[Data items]
==========

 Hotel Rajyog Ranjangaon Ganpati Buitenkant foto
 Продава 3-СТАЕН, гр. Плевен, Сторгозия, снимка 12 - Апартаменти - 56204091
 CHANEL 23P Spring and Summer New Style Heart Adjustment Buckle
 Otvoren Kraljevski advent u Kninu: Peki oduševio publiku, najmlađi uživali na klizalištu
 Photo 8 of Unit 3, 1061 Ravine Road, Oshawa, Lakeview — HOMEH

==========

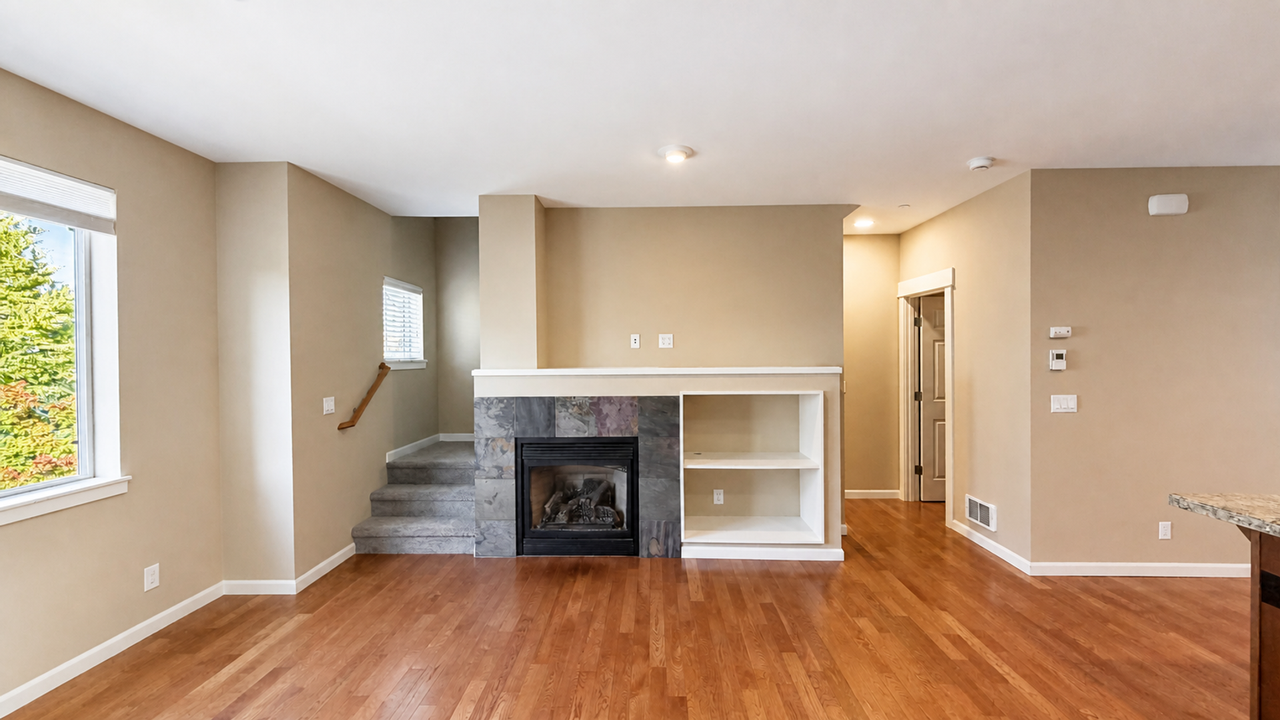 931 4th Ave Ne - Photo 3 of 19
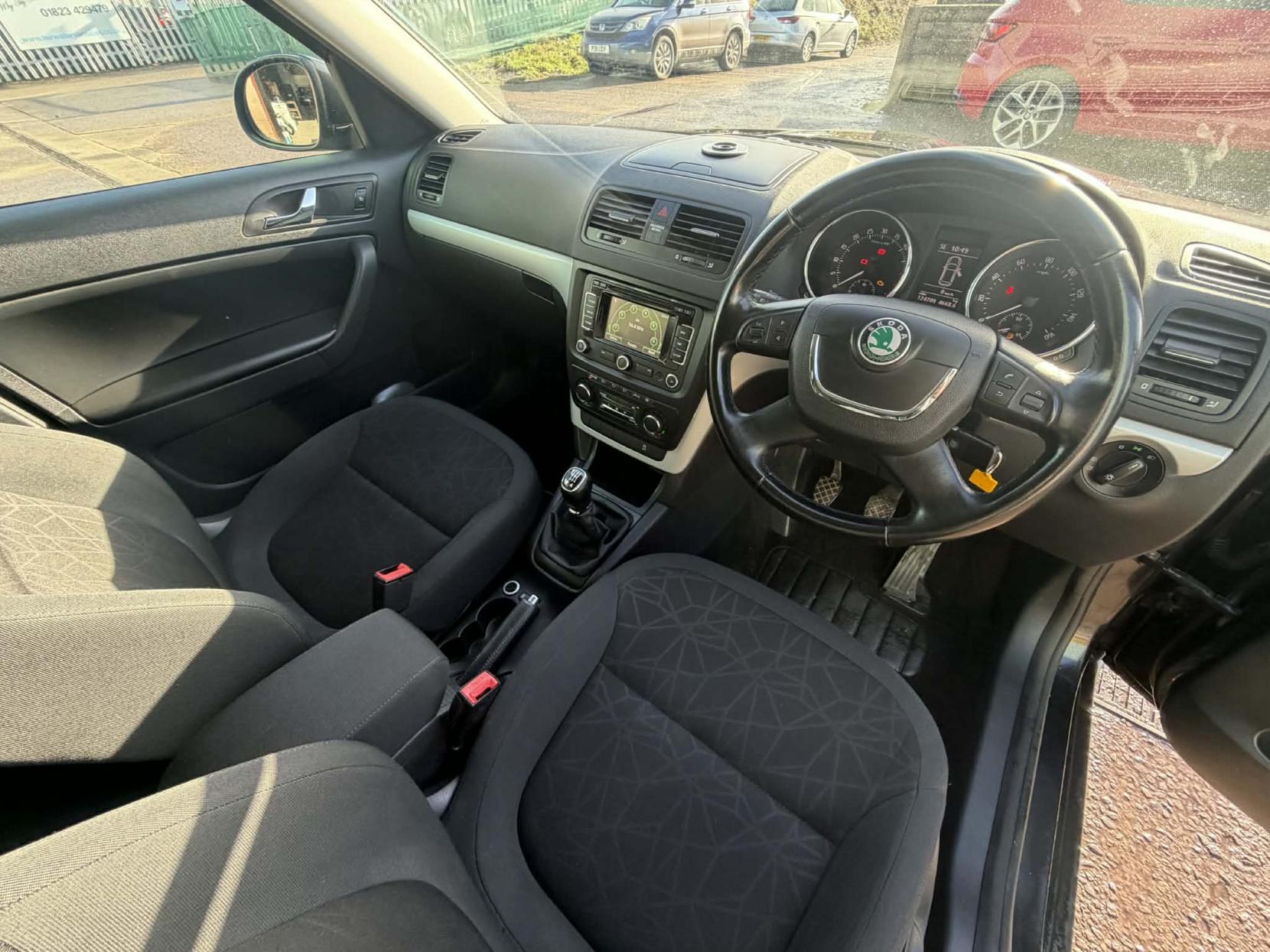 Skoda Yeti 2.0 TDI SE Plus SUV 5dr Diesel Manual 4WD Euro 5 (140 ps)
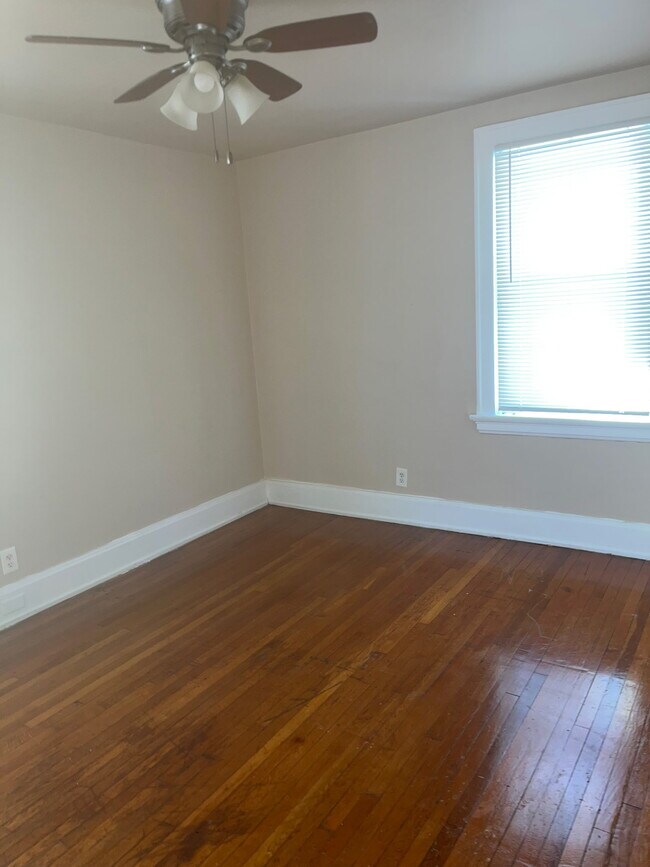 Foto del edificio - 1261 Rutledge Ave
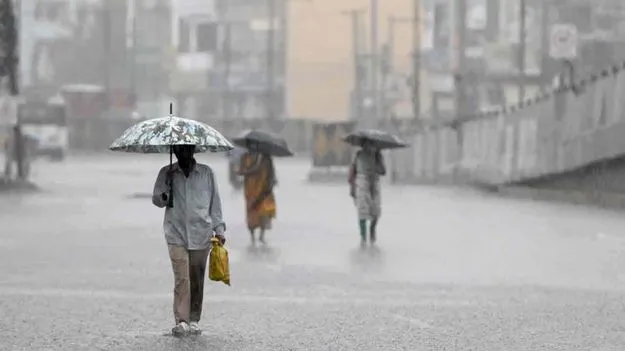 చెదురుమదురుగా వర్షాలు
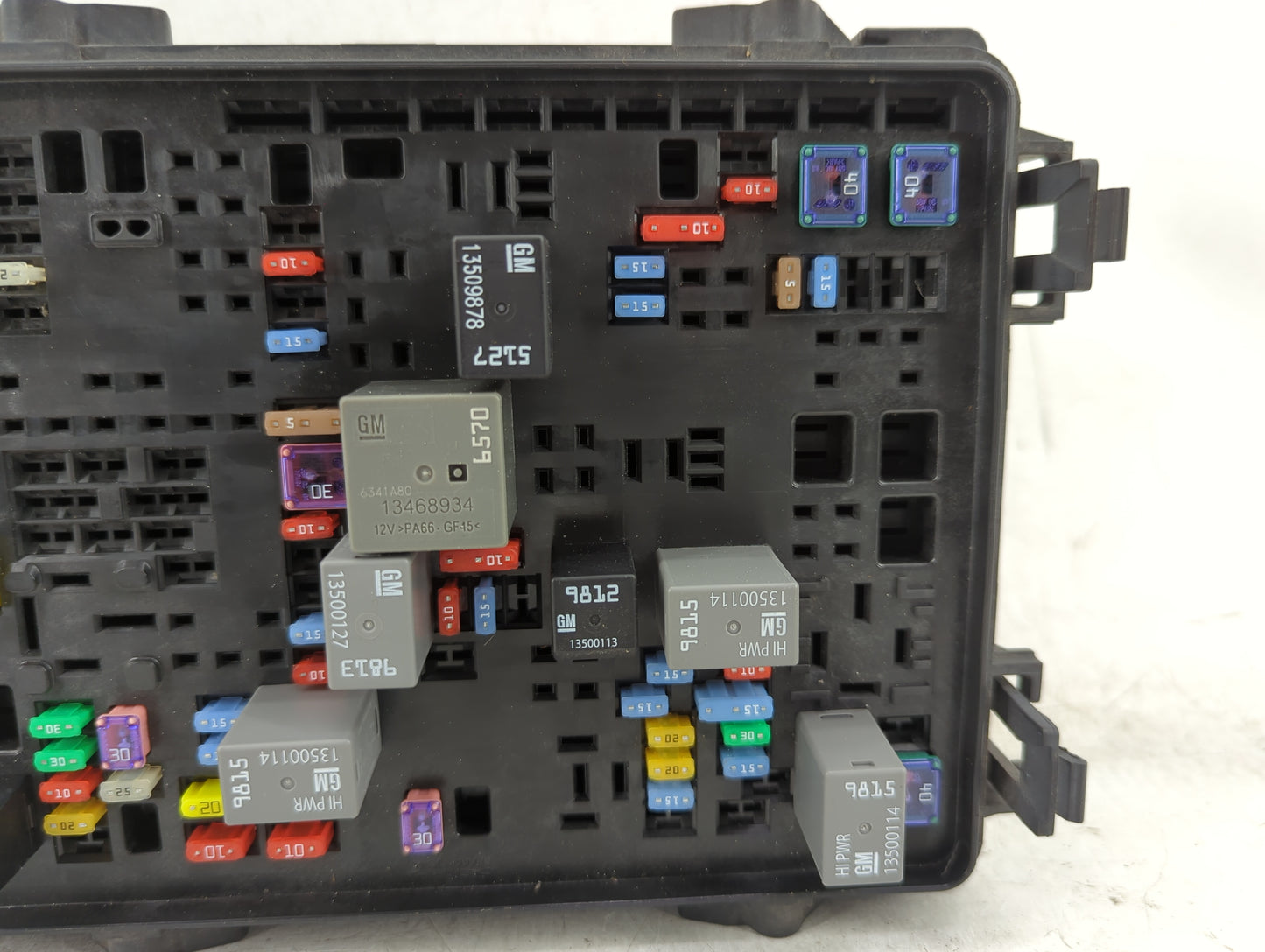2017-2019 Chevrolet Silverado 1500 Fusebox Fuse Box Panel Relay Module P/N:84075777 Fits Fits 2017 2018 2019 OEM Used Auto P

==========

__The task__. Every line above from the one with "Skoda Yeti 2.0" down to the one with "2017-2019 Chevrolet Silverado" must be written out exactly, and no picture may appear.

__Completed task__.
 Skoda Yeti 2.0 TDI SE Plus SUV 5dr Diesel Manual 4WD Euro 5 (140 ps)
 Foto del edificio - 1261 Rutledge Ave
 చెదురుమదురుగా వర్షాలు
2017-2019 Chevrolet Silverado 1500 Fusebox Fuse Box Panel Relay Module P/N:84075777 Fits Fits 2017 2018 2019 OEM Used Auto P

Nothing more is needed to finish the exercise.